• [About this task] Could you give back exactly the lines below from the one with "Frame: Sediment" through the one with "11 FOODS RICH", without a single picture?

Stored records
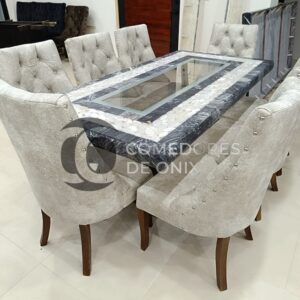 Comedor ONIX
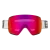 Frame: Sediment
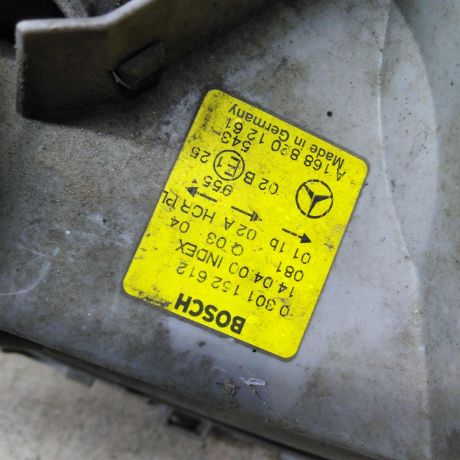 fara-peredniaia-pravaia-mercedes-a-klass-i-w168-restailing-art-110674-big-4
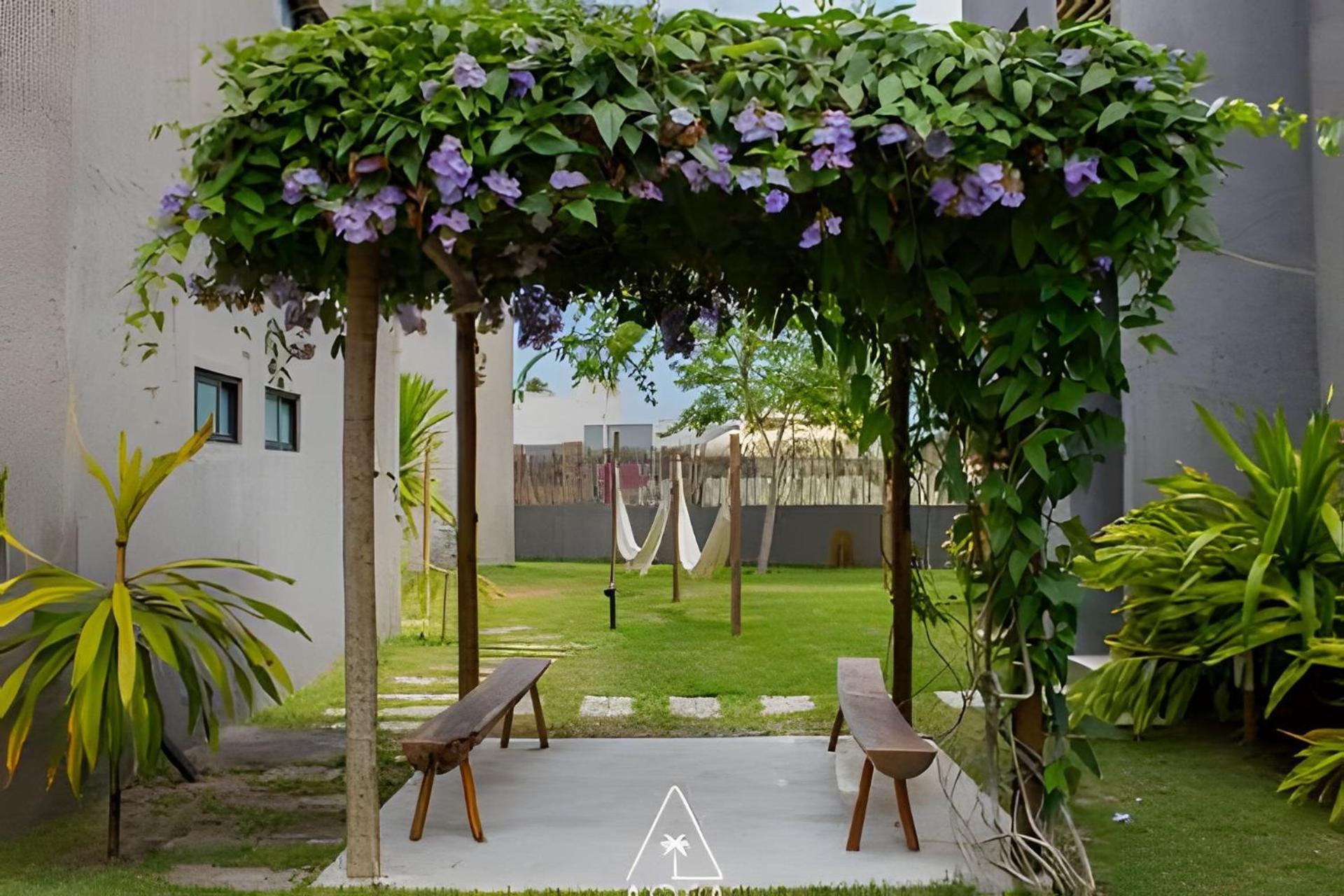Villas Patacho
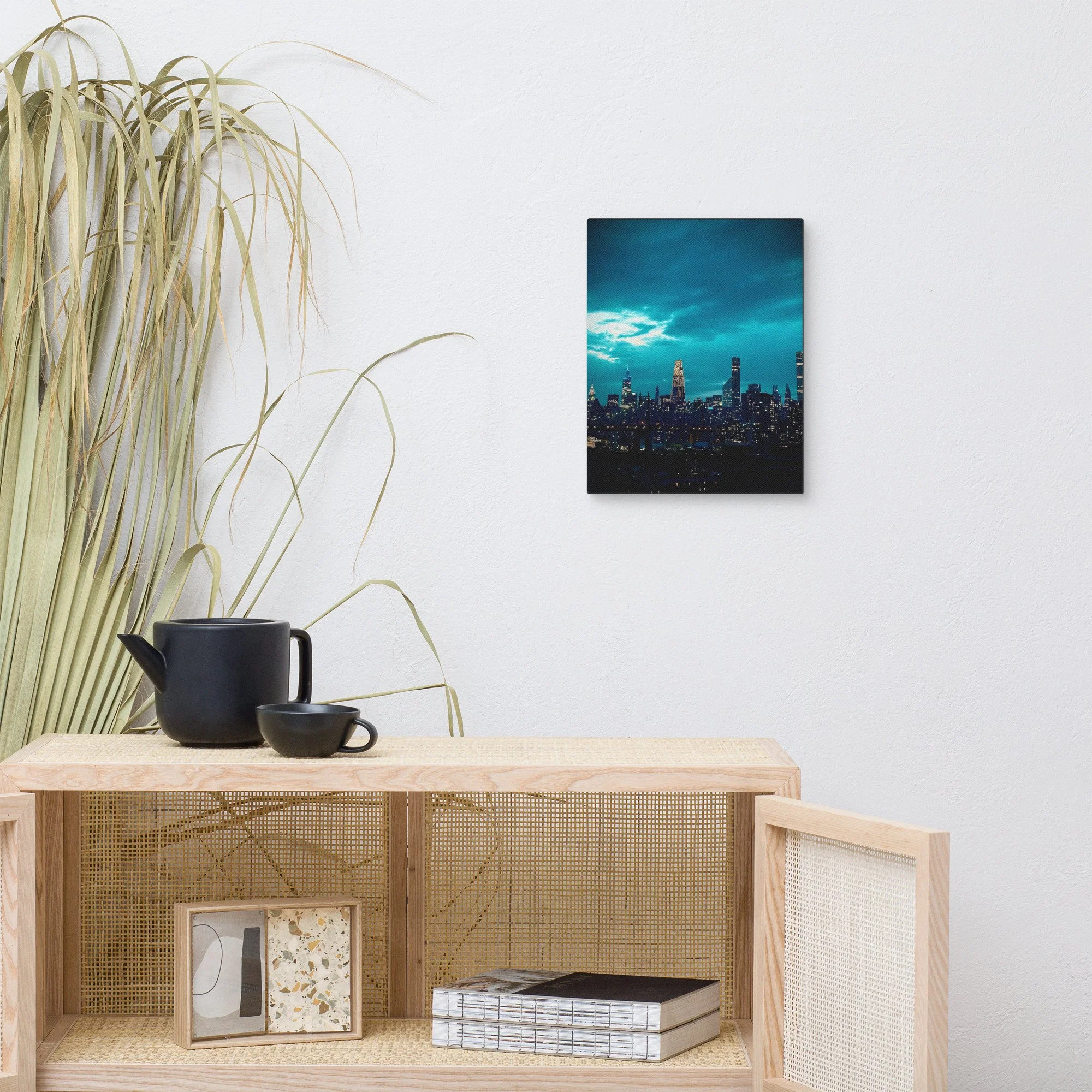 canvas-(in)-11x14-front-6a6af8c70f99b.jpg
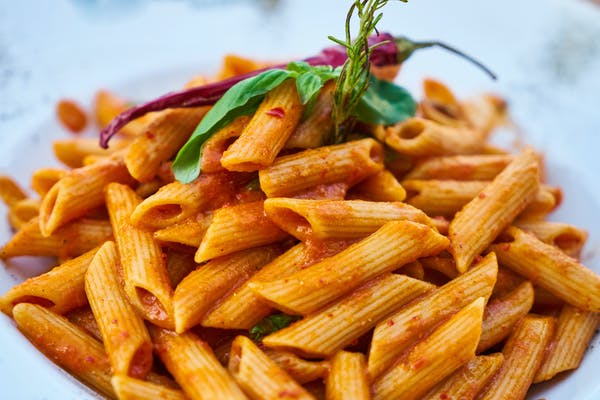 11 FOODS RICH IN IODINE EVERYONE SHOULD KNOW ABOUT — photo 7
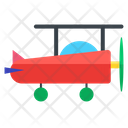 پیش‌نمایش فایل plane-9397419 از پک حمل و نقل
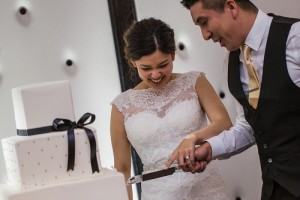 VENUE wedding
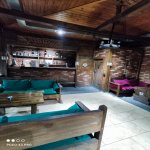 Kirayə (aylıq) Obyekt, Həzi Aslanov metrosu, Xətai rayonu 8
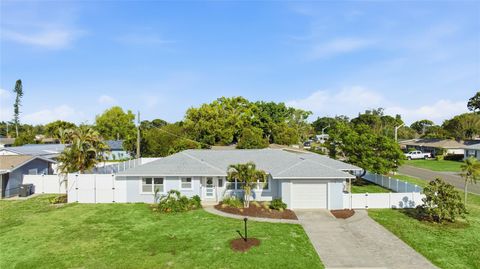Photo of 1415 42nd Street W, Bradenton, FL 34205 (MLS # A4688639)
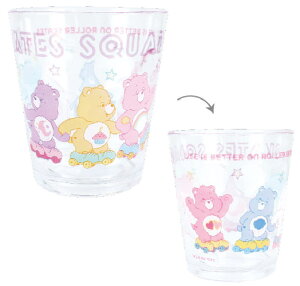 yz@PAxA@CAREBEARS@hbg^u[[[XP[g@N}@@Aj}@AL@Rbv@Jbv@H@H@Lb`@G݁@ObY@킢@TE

• [Output of the task]
 Frame: Sediment
 fara-peredniaia-pravaia-mercedes-a-klass-i-w168-restailing-art-110674-big-4
Villas Patacho
 canvas-(in)-11x14-front-6a6af8c70f99b.jpg
 11 FOODS RICH IN IODINE EVERYONE SHOULD KNOW ABOUT — photo 7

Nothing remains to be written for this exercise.